Additional information on the table:
- a few columns contain mostly nulls (i.e. a column indicating any error
messages which may occur during processing of the job)
- Due to the nature of the application the table does get a high number of
inserts/updates in a short time. As mentioned above, in the test in which I
observe this issue the job table grows from 0 to 2000-2500 rows very quickly,
with each row receiving on average 4 more updates.
- Note: the CTE selects from a job_priority view which is a JOIN of 3 tables:
job - project - category, with categories having a priority which impacts job
processing order.

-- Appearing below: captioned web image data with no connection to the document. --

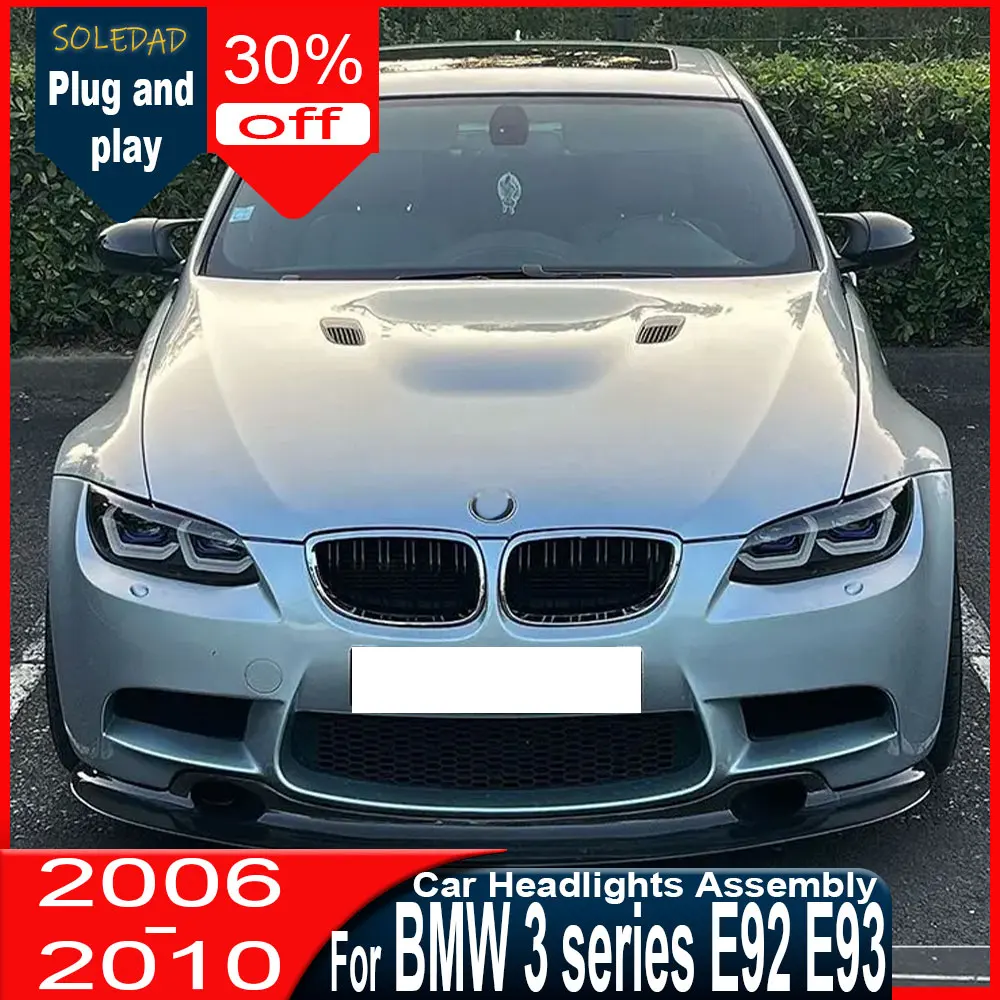 Car  LED Headlight Light Assemblies For BMW E92 E93 330 335 M3 2006-2010 Auto Fog DRL Brake Turn Signal Lamp Plug and Play
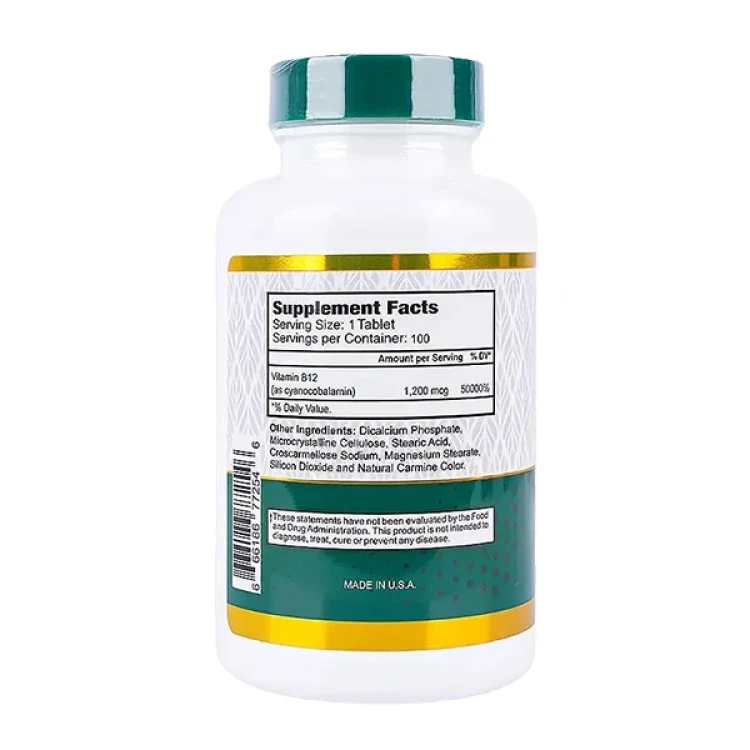 Best Vitamin B12 1200mcg 100 tab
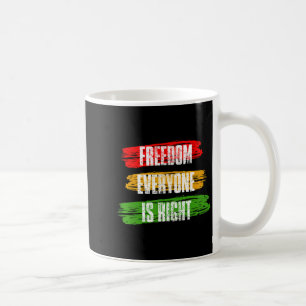 Mug Mois de l'histoire des Noirs Liberté Tout le monde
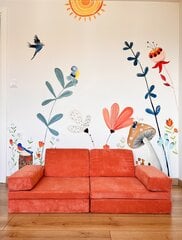 Dīvāns-gulta Atelier Del Sofa Puzzle, oranža cena un informācija | Dīvāni | 220.lv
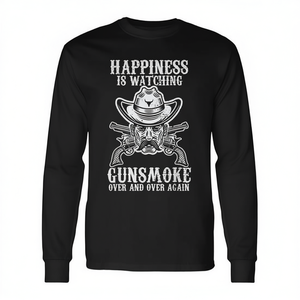 Camiseta de manga larga Cowboy Saloon Classic Country Western Gunsmoke Lover - Product Image 2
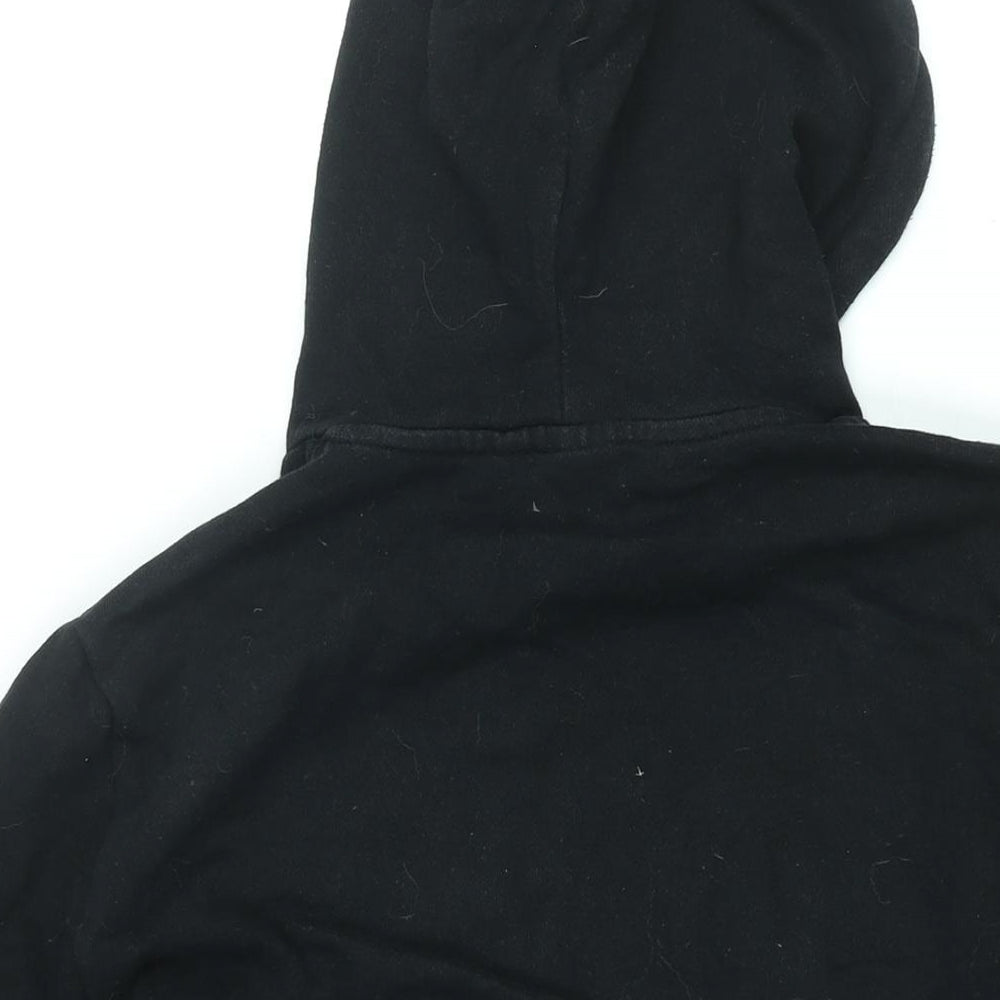 Mens UK Size M ASOS Black Pullover Hoodie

The test case I am currently using comprises only 5 projects
and a single category.

Explain: unfortunately it's not always the same query that causes issues. If
you want I can still run the most common queries through EXPLAIN ANALYZE but
haven't included this output here as this email is already long enough...

History: this is during development of an application, so there is no
production history

Hardware: i7 CPU, 15 GB of RAM, SSD - this is a development machine, so
there's lots of other stuff running too (but no other databases in active use)

Things I tried:
- Upgrading to PostgreSQL 9.5.3, compiled by Visual C++ build 1800, 64-bit
This did not solve the problem, queries still take 122 seconds from time to
time
- Enable auto_explain to obtain more information. Unfortunately, for the
2-minute queries no plan is logged. If I manually force a query to take a long
time (eg SELECT pg_sleep(5)) or if I set auto_explain.log_min_duration low
enough plans are logged for slow queries, _except_ for these 2-minute
mysteries. This makes it very hard to see exactly why the query is taking so
long. Is this a bug in auto_explain? Are cached plans never logged (this is
not indicated in the documentation)? Some other reason why no plan would be
logged? Note that this happens both in PostgreSQL 9.3.4 and 9.5.3
- Running some queries through EXPLAIN ANALYZE; however, these execute quickly
(a few ms) and don't seem to indicate a clear problem to me

When I run my test there is very high I/O on the system for a few minutes.
However, I am reluctant to point to that as the sole cause for the following
reasons:
- other concurrent queries execute fast (it's a multi threaded application and
other threads continue normally)
- if I look at the resource monitor, some queries remain hung up even after
disk I/O has quieted down
- if I/O performance were the cause I would expect to see a lot more variance,
now the queries always take exactly 122s (with only about 50ms variance)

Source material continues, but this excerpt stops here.